> [DATA UNDER STUDY]:

--------------------

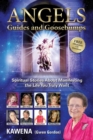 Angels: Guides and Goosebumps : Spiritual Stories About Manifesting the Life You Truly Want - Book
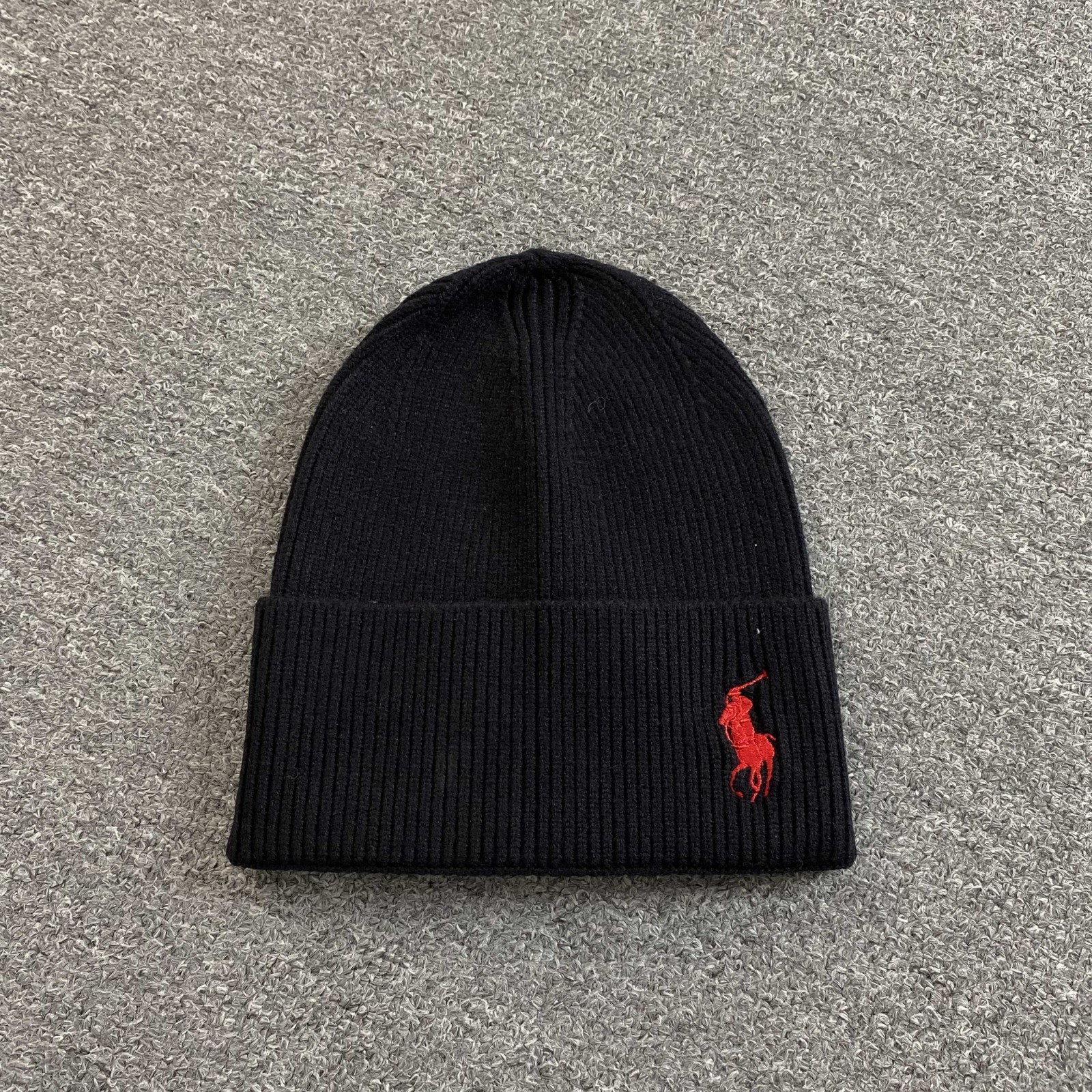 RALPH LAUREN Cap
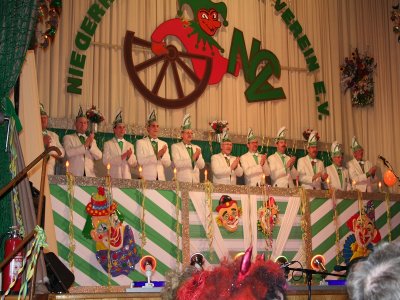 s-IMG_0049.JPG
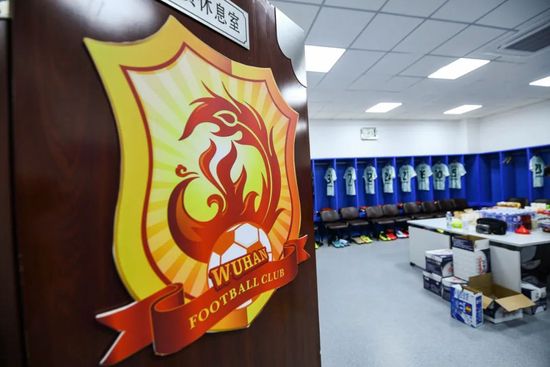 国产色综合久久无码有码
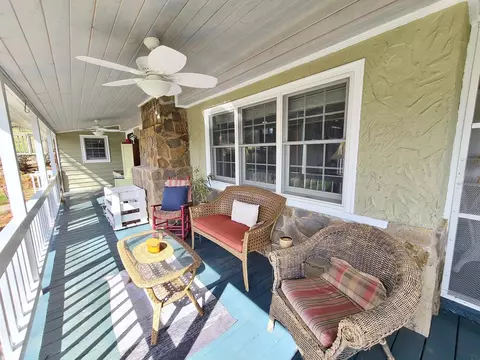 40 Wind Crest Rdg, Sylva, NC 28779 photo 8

--------------------

> [WHAT YOU ARE ASKED TO DO]: The span to retype runs from the line containing "s-IMG_0049.JPG" through the last line of the listing above, both ends included; copy it exactly, without pictures.

> [EXERCISE RESULT]:
 s-IMG_0049.JPG
 国产色综合久久无码有码
 40 Wind Crest Rdg, Sylva, NC 28779 photo 8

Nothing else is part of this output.